──────── SOURCE MATERIAL

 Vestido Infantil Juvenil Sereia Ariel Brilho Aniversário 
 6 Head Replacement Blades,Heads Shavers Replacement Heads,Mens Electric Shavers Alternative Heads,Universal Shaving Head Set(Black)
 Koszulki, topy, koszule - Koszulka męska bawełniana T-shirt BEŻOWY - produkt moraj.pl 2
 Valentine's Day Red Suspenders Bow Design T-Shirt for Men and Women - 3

────────────────

TASK | All of the data above should be reproduced exactly, with nothing left out.

EXERCISE RESULT |
 Vestido Infantil Juvenil Sereia Ariel Brilho Aniversário 
 6 Head Replacement Blades,Heads Shavers Replacement Heads,Mens Electric Shavers Alternative Heads,Universal Shaving Head Set(Black)
 Koszulki, topy, koszule - Koszulka męska bawełniana T-shirt BEŻOWY - produkt moraj.pl 2
 Valentine's Day Red Suspenders Bow Design T-Shirt for Men and Women - 3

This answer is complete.